Since 2008, major imbalances in offshore dollar markets have migrated from Europe to Japan, with Japanese savers, banks and life insurance companies diving into dollar markets to drive higher returns. Thus, Norinchukin, the agricultural bank, became the largest holder of dollar-denominated loans in the world. Smaller banks, such as Shizuoka, also jumped. At the same time, the needs of Japanese “life insurers for US dollars in the foreign exchange swap market exceed $ 1 ton”

Before the pandemic, these imbalances began to worry Japanese regulators. The Fed’s intervention calmed fears. According to the latest census, the Bank of Japan took more than $ 224 billion from the Fed, much more than $ 143 billion from the ECB, and most likely gave it to dollar-hungry Japanese corporations. In simple language, a secure network is in place.

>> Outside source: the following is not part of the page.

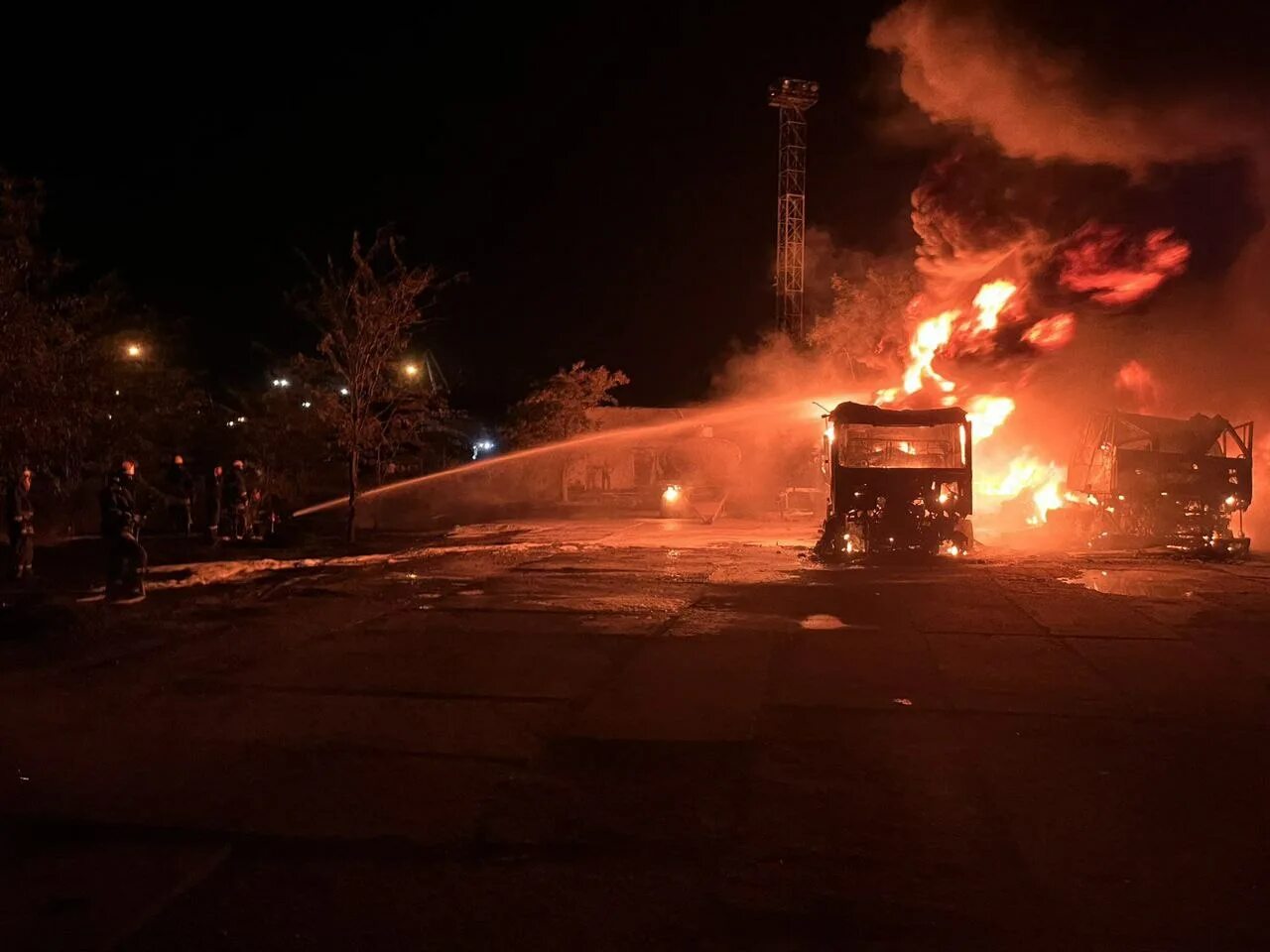 Сильный пожар. Огромный пожар. Пожар фото. Пожар в Одессе. Новости одесса сегодня последние свежие события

Will this be maintained after COVID-19? Almost certain: Fed officials and the Treasury increasingly believe that preventing unnecessary dramas in offshore dollar markets is necessary to avoid shocks to domestic dollar markets and the important bond sector.

Call this a new manifestation of American self-interest; or simply an inevitable consequence of financial globalization. In any case, the turning point is this: even if US global leadership is evident in many areas, the Fed’s support for dollar hegemony is not. This could increase the use of the dollar after the COVID-19 shock, even if countries like China hate the idea.

Source: Financial Times, Federal Reserve

Chart: Used with permission from Bloomberg Finance L.P.